In our presentations to public schools, we have been asked to emphasize several of the following points of interest. Each point will be described, and what we do will be explained.
Say 'No' to Drugs
In this illustration, students are introduced to Pepper. Her English command “come” is explained. Les explains Pepper's next assignment, which is to lie down and stay. The students' job is then to entice her to get up from her position and come to them. To emphasize the temptations the world brings, Les hands dog food treats to the students to arm them with what would make most dogs get into trouble. Les highlights how treats to Pepper are just as enticing as drugs, sex, or gang violence can be to students. After the students call to her a few times, they usually notice she is not looking at them at all and is still lying down as previously instructed. Les has been giving her a subtle hand signal throughout the exercise, and she is watching for that signal to change. To enliven this point, Les suggests perhaps a bigger temptation would work, so he throws a slice of hot dog meat in front of Pepper. In obedient fashion, she stares intently at the food and may even drool, but she will always stay put and look back at her master. The point made is that when focusing on temptation, one will eventually fall. But when focusing on who is trustworthy (parents, teachers, administrators), and what is right, temptation can be overcome.
Drop Bad Habits
With this lesson Les asks if the students have ever tried to teach a dog to fetch a ball and return it. Most have and many of them will laugh when Les demonstrates with Pepper a dog’s propensity to hang on to the ball instead of letting go. Les asks Pepper to drop the ball, and she immediately complies. Les will throw the ball for her, and as she is bringing it back, Les asks her to drop it. She is again obedient and drops it. The first ball is a small, worn, dingy ball, and Les compares this ball to a bad habit or even a small problem. Dogs (and people) will hang on to something which they are used to, whether or not it is a wise choice. Les then demonstrates how smart Pepper is and how she has learned to drop a bad habit.

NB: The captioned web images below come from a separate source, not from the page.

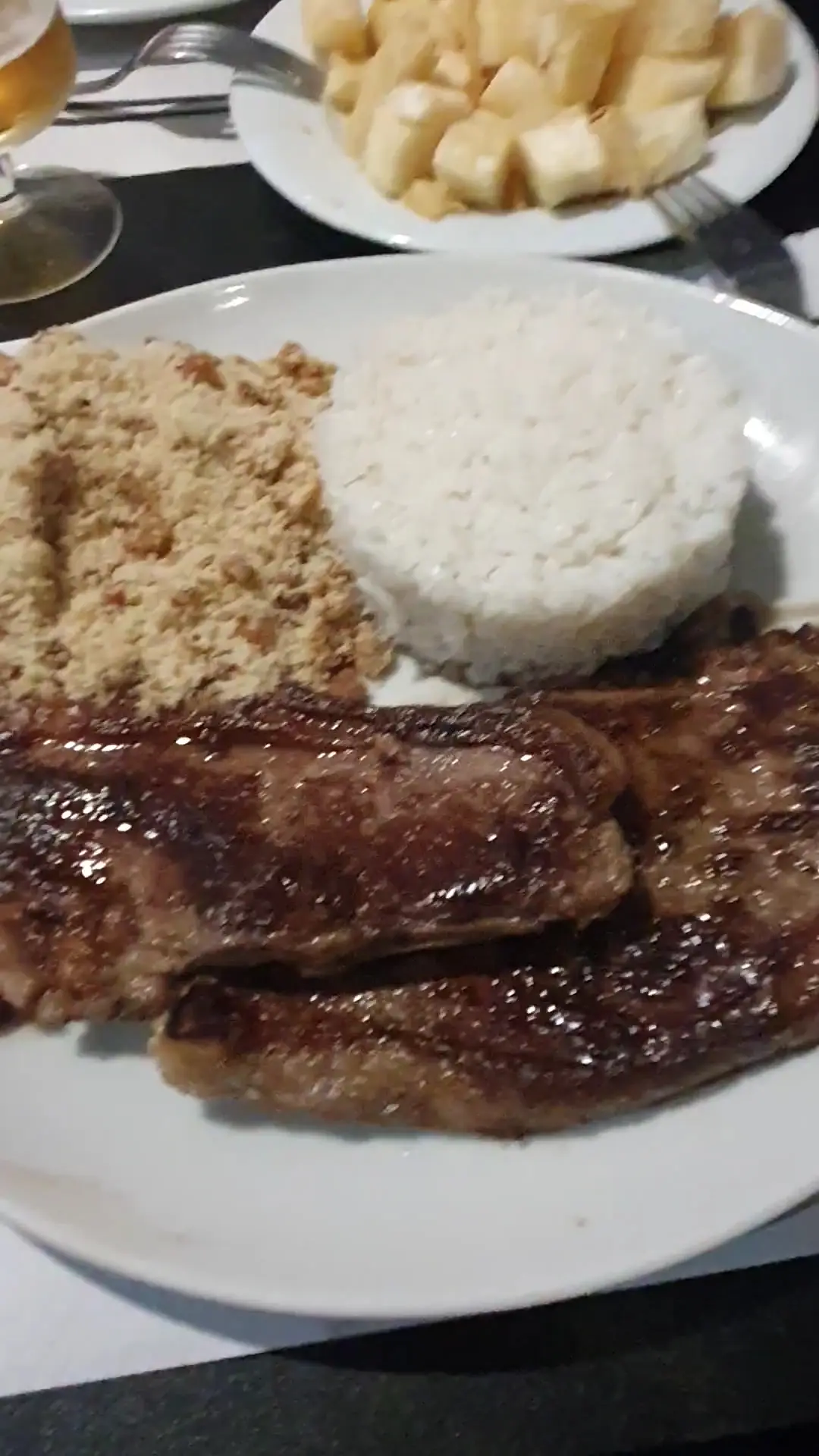 Grilled picanha steak with white rice and farofa, at Cantinho Brasileiro.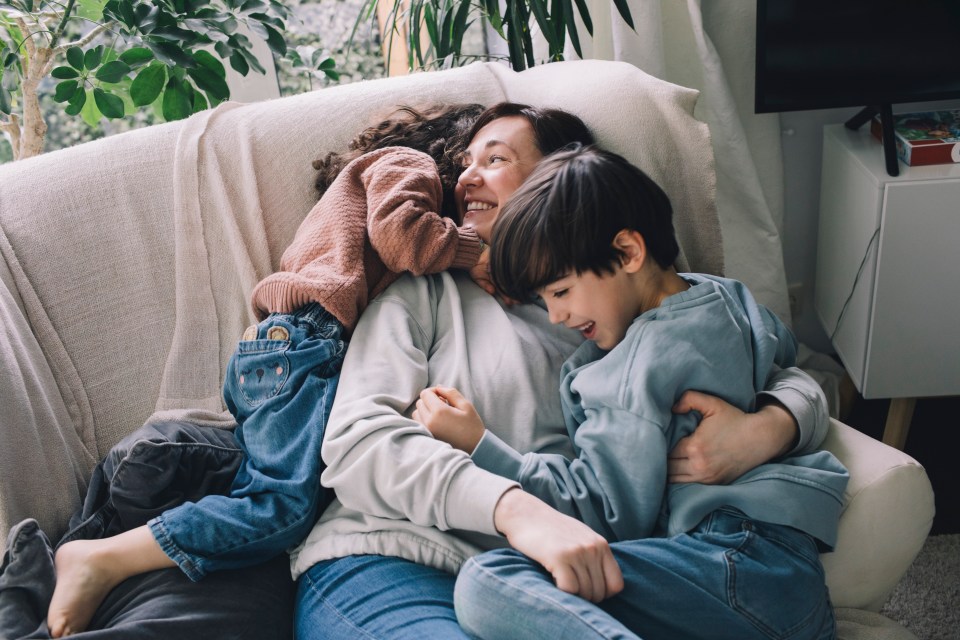 A mother cuddling her two children on a couch.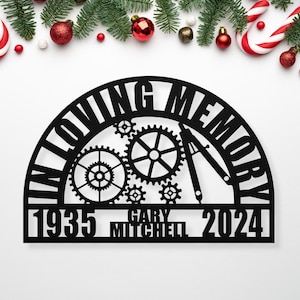May include: Black metal memorial sign with gears and a compass design. The sign reads "In Loving Memory" with the years "1935" and "2024" and the name "Gary Mitchell" in the center.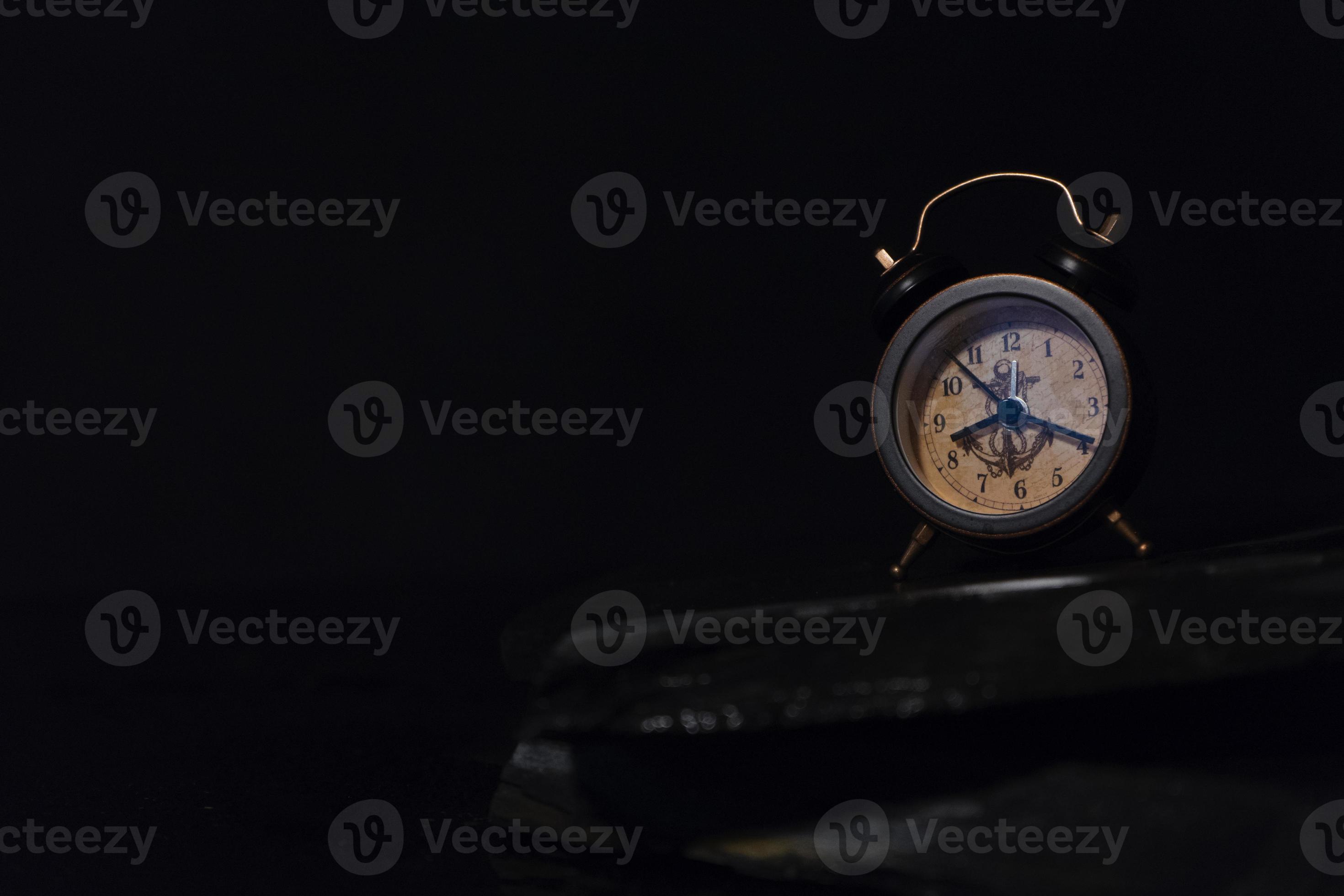 Alarm clock on the shelf 13617837 Stock Photo at Vecteezy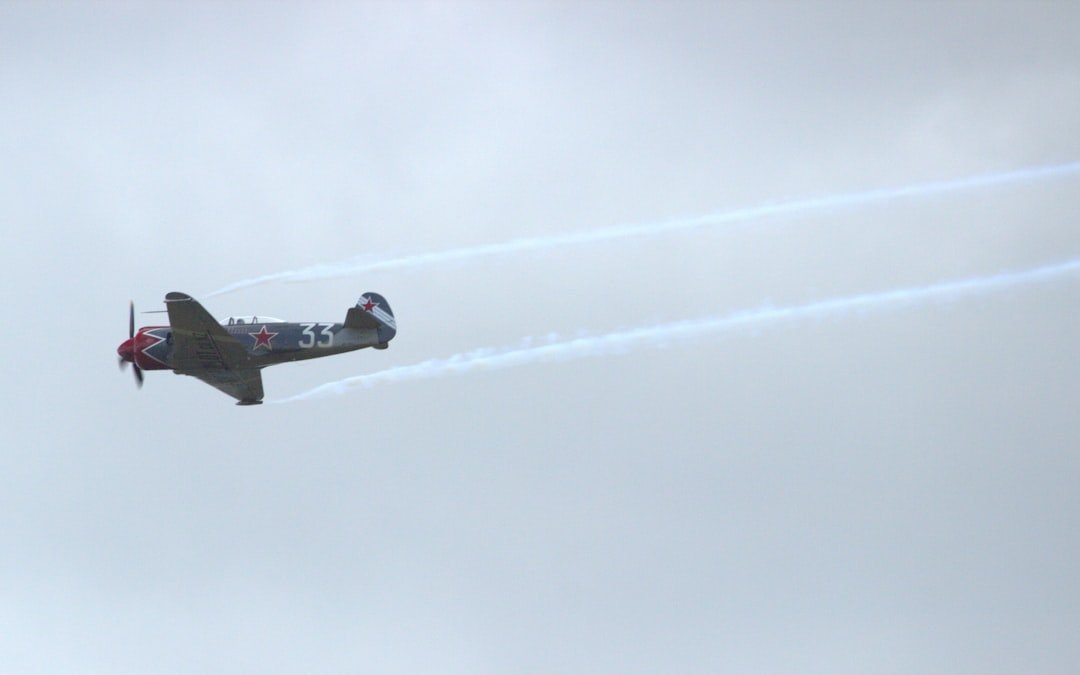 Vintage airplane flies in the cloudy sky.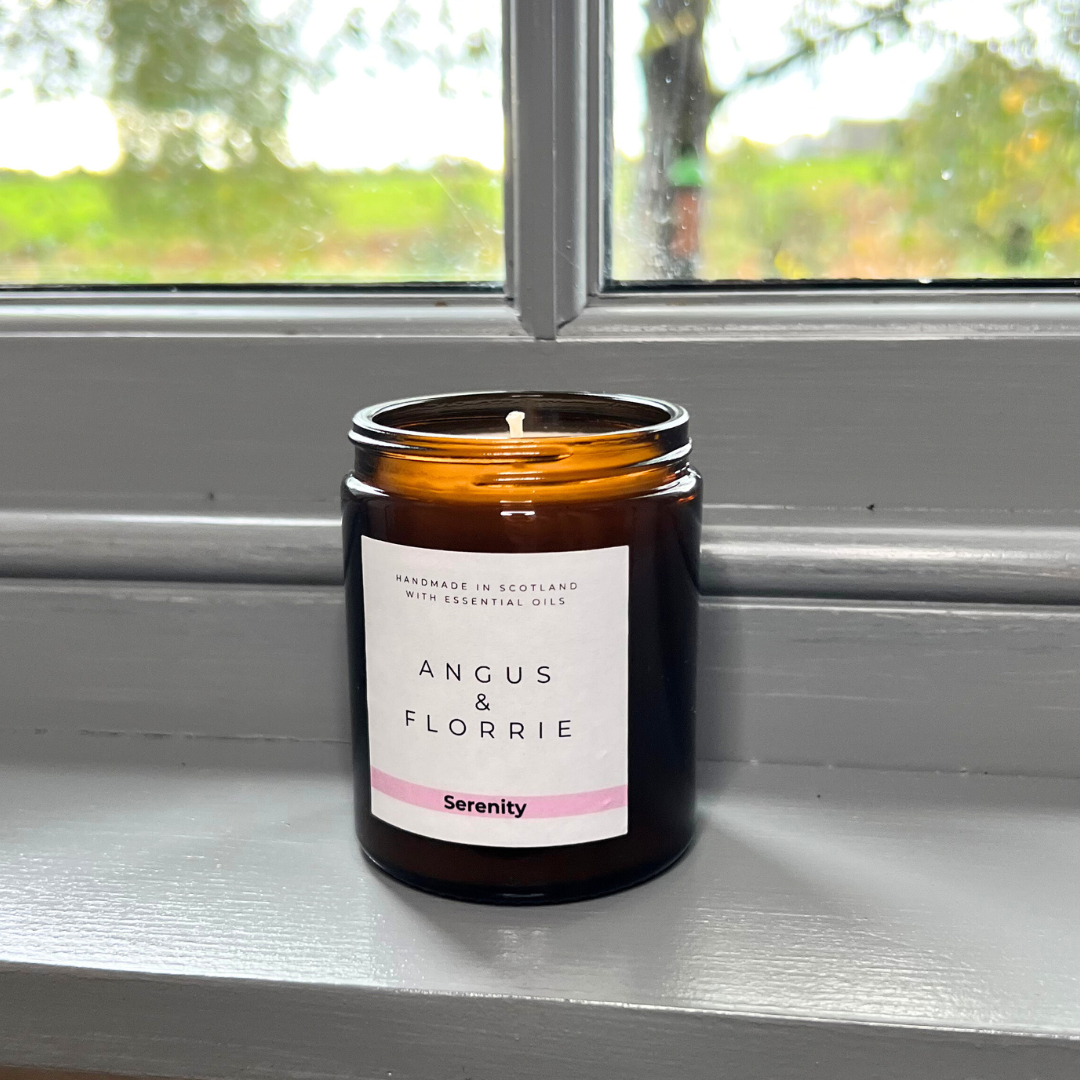 Candle in an amber jar with a label on a windowsill
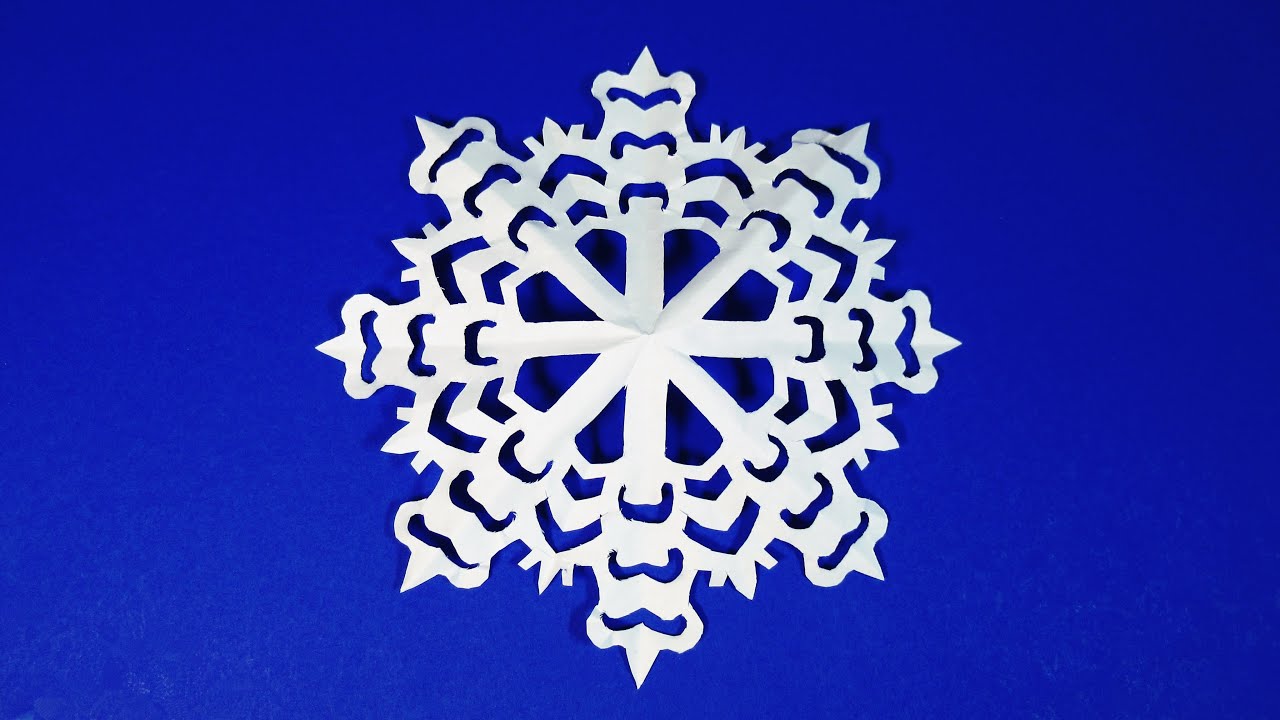 Примеры готовых бумажных снежинок, созданных по шаблону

Les takes out a new larger ball and throws it for her. When she brings this one back, Les asks her to drop it. When she does, she gets a tasty treat. This shows Pepper’s understanding that there are better things to fill her life (or mouth) with if she will be obedient. Les emphasizes that when good things fill our lives, there is no room for the bad habits.
Controlling Your Anger
All dogs bark and Pepper will bark when a command is given either using a hand signal or verbal command. The students are asked which of the two methods they would like to see that will cause her to bark. Les gives the command and Pepper will bark but while she is barking Les will give her another hand signal to lie down and be quiet. She will drop immediately and even lay her chin between her paws. Les speaks about how easy it is sometimes for us to lose our temper but can we turn it off as quickly as Pepper can. Les can make a humorous or serious visual lesson out of this to fit the situational need of his audience.